# Description of the task:
Once "Cot tidy- Hanging Hearts white dots on grey" turns up in a line below, reproduce that line and those after it exactly, stopping after the line with "Image 1 of 9K"; leave pictures out.

# Provided entries:
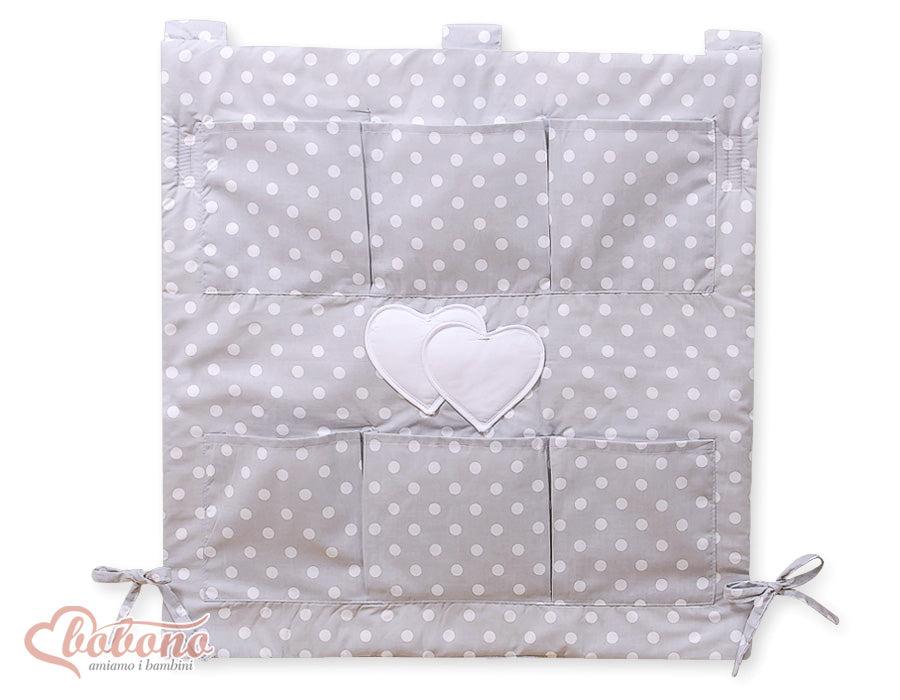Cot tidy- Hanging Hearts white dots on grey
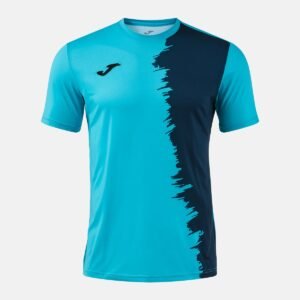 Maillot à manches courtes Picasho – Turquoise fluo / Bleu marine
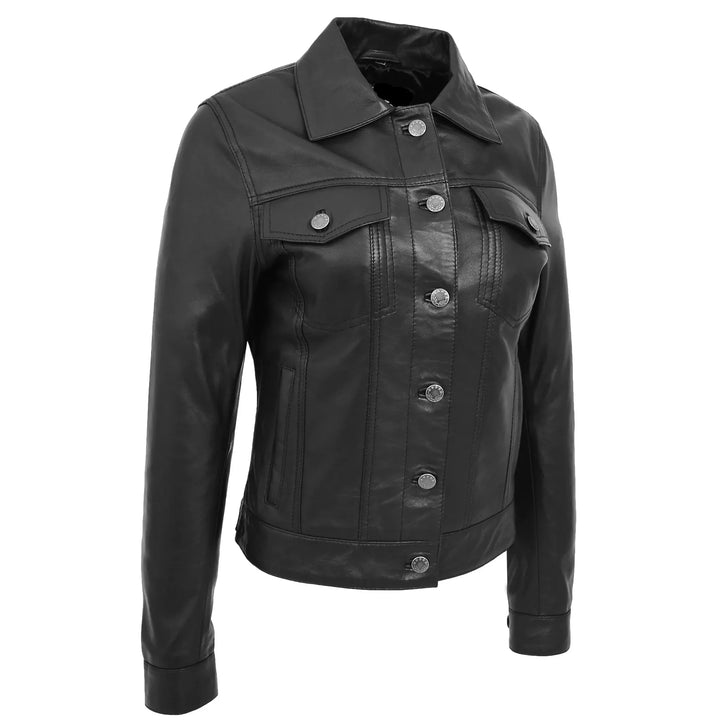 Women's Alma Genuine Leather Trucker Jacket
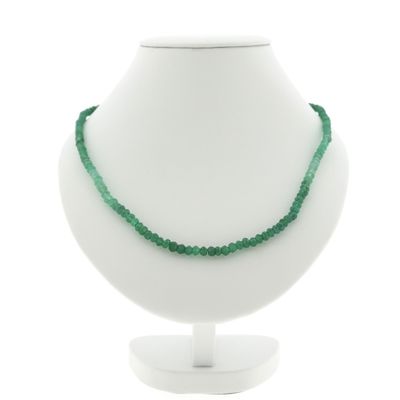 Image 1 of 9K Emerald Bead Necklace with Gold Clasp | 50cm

--

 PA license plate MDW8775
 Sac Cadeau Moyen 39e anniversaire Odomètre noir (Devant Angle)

--

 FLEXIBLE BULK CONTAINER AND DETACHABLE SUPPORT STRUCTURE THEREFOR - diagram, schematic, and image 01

# Task output:
Cot tidy- Hanging Hearts white dots on grey
 Maillot à manches courtes Picasho – Turquoise fluo / Bleu marine
 Women's Alma Genuine Leather Trucker Jacket
 Image 1 of 9K Emerald Bead Necklace with Gold Clasp | 50cm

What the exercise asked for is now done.